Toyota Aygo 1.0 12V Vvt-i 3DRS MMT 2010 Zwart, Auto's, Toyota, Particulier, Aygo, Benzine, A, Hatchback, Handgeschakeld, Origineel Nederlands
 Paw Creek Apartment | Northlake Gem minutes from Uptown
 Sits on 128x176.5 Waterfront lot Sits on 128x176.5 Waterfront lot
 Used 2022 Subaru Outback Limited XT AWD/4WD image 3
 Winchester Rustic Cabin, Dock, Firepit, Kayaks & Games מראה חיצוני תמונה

---

## WHAT IS REQUIRED
Please write the entries out again exactly as they stand.

## SOLUTION
Toyota Aygo 1.0 12V Vvt-i 3DRS MMT 2010 Zwart, Auto's, Toyota, Particulier, Aygo, Benzine, A, Hatchback, Handgeschakeld, Origineel Nederlands
 Paw Creek Apartment | Northlake Gem minutes from Uptown
 Sits on 128x176.5 Waterfront lot Sits on 128x176.5 Waterfront lot
 Used 2022 Subaru Outback Limited XT AWD/4WD image 3
 Winchester Rustic Cabin, Dock, Firepit, Kayaks & Games מראה חיצוני תמונה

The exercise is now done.